Second Life: SL Go’s Demise Does Affect You

Touch Arcade has an article up that gets into the politics and corporate infighting that is affecting us all. See: Onlive is Dead – What does this mean for Game Streaming on iOS? Carter Dotson is the author. I think Carter has made several mistakes in his (?) analysis. But, overall however we get there the result is the same.

Nomnomnom!

Nomnomnom! by Caitlin ‘Caity’ Tobias, on Flickr

My primary take away is Carter is saying that Sony is attempting to break Apple’s choke hold on game streaming for mobile devices. He could be right about that. The idea that if something is not available for iOS via the Apple Store, it loses a huge market share is true. But, I am not sure you can base the hypothesis Apple has a stranglehold on the gaming market. 

Let’s look at some numbers to see if it is even possible. According to IDC (reference) Smartphone OS Market share in Q4 2014 was; 76.6% Android, 19.7% iOS, 2.8% Windows Phone, the rest 0.9%.

A fifth of a market is significant. But, I can’t see company that only controls 20% of a market having a stranglehold on it. Carter’s idea that Online couldn’t make it because the Android market couldn’t support it, that doesn’t make sense to me. If 76% of a market cannot support your product or service, some things wrong.

A newer article in PC World quoting IDG dated February 2015 puts the market share numbers at: Android 81.5% and iOS 14.8. Android is eating iOS.

But, maybe those numbers skew to iOS’ favor in the narrower gaming market? Venture Beat provides these interesting bits of information (reference): 40% of all app downloads are games. 75% of apps purchased are games. In Korea 94% of Google Play’s revenue is from game sales. And most interesting is the bit that while iOS makes up 14 to 18% of the market, iOS sales make up 50±% of sales dollars.

They explain that dollar share difference this way: Android is larger in Asian markets where consumers are likely to have lower incomes and less likely to have a credit card.  So, while the Asians are spending less total dollars they are making way more purchases.

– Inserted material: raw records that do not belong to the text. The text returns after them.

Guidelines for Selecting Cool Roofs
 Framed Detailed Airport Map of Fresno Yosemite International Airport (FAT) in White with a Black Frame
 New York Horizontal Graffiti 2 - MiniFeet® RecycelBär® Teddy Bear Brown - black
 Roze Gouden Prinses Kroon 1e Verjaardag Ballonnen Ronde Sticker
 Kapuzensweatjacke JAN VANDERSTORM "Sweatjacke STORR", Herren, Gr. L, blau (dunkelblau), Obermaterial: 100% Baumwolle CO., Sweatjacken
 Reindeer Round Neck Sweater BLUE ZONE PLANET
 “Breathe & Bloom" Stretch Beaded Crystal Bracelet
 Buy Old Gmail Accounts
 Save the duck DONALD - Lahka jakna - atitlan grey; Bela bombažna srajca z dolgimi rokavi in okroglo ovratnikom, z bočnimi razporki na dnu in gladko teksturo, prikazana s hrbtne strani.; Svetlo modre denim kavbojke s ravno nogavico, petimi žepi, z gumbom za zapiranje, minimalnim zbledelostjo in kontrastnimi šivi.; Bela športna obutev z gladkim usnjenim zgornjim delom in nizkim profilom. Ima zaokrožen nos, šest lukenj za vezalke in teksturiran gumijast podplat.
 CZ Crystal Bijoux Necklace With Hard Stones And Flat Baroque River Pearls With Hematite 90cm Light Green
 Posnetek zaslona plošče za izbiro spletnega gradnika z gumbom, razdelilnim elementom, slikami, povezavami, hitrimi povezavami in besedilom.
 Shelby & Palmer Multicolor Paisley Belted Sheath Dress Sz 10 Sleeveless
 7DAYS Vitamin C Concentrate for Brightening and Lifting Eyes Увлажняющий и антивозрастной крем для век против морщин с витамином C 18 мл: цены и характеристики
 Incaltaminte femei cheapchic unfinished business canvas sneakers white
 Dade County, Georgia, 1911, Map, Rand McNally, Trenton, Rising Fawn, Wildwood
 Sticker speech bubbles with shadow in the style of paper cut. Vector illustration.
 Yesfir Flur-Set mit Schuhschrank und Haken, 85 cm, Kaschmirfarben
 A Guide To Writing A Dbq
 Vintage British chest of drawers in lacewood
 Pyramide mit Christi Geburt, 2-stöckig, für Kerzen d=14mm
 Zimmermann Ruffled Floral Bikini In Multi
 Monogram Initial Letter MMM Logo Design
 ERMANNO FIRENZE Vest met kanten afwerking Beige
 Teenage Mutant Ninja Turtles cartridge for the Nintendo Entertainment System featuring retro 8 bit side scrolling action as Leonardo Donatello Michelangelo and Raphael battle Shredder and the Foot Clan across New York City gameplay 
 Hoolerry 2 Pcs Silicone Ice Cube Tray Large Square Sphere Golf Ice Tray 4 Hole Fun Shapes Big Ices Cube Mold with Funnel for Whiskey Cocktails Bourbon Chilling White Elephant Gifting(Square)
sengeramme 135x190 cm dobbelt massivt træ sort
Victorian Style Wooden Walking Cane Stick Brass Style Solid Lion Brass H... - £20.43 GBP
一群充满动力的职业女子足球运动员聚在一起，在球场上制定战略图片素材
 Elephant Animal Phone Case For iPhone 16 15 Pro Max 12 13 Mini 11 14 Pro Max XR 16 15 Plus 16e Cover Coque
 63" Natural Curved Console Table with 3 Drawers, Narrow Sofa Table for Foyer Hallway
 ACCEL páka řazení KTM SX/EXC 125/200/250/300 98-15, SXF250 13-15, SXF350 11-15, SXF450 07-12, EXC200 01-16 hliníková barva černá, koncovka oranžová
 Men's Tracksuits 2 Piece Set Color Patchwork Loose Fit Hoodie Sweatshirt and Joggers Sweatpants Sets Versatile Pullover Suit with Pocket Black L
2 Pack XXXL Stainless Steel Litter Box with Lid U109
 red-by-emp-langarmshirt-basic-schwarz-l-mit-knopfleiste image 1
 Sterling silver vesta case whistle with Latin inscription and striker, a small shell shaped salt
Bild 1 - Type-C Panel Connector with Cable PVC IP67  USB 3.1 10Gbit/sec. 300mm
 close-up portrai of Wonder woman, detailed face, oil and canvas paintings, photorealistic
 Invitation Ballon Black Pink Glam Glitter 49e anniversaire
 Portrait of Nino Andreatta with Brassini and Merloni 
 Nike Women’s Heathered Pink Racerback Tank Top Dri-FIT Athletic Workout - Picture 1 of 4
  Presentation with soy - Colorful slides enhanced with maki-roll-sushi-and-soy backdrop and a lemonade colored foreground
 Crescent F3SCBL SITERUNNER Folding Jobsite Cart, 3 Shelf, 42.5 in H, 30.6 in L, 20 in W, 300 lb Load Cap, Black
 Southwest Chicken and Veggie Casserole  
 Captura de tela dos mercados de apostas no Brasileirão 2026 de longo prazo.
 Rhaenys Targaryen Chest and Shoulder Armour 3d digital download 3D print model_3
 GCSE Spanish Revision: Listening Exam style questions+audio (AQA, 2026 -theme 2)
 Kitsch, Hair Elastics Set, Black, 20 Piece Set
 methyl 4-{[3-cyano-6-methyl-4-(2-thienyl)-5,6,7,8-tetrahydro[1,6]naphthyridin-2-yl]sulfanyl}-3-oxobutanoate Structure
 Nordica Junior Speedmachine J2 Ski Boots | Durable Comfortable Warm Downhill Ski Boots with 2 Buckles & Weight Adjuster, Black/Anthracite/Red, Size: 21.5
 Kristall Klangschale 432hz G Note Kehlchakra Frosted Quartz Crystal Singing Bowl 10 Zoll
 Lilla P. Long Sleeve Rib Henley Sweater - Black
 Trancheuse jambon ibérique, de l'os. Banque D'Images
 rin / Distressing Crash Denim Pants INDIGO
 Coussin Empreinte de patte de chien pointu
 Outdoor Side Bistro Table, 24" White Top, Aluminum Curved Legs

While it is hard to run the numbers, I can make a good case for being able to sell in the Asian market and make 25¢ and thereby produce more total dollars than by selling into the American/European market and making 50¢. In other words, making it on volume.

So, I don’t see the stranglehold.

Carter assumes Net Neutrality in the USA will speed up arrival of gigabyte network speeds and give us better game streaming. I disagree based on the history of how similar laws and regulations have worked in the past. But, only time will answer that question for most people. Those that don’t learn from history are doomed to repeat it… Without the arrival of faster Internet, the demand for game streaming tech will remain high and difficult to achieve. Onlive was in a good place with good tech, just bad timing.

Carter sees the possibility of game streaming as being on the dismal side as it is restricted by Apple. I think I have shown the numbers over the past 2 or 3 years show Android making huge gains. While selling iOS games is currently more profitable for developers, that is changing. Android essentially owns the market. I doubt Apple has a stranglehold now and they certainly won’t in the future.

The free market is working and businesses are being competitive and innovating. Whether Apple does or doesn’t have a stranglehold the market will change. Google, Sony, Microsoft, and probably some people as obscure as Palmer Lucky and Steve Jobs once were will move things forward.

But, for now the loss of Online’s SL Go is painful to several hundred SL users. Exactly how it affects Linden Lab and the Next Generation Platform is unknown. In general we, SL users, are all affected by the loss of Online and not having SL available on mobile devices. It means fewer users, friends, customers, designers, publicity… It is subtle and indirect, but it is there.

2 thoughts on “Second Life: SL Go’s Demise Does Affect You

  1. I agree apple don’t and won’t have a stranglehold, but Some are expecting apple to take a huge chunk of console gaming market with a update to appleTV. It would include the AppStore with the ability to play ios games useing the MFi blutooth controllers. I already stream games via iPad to my tv via AirPlay and they look as good as my PS3.

    Onlive could have supplied PS4 graphics games to a future Appletv, perhaps this is a possible trigger for Sonys actions.

  2. I would just like to underscore your last paragraph; whether or not we use(d) SL Go ourselves, it’s loss effects SL generally and it therefore effects us all!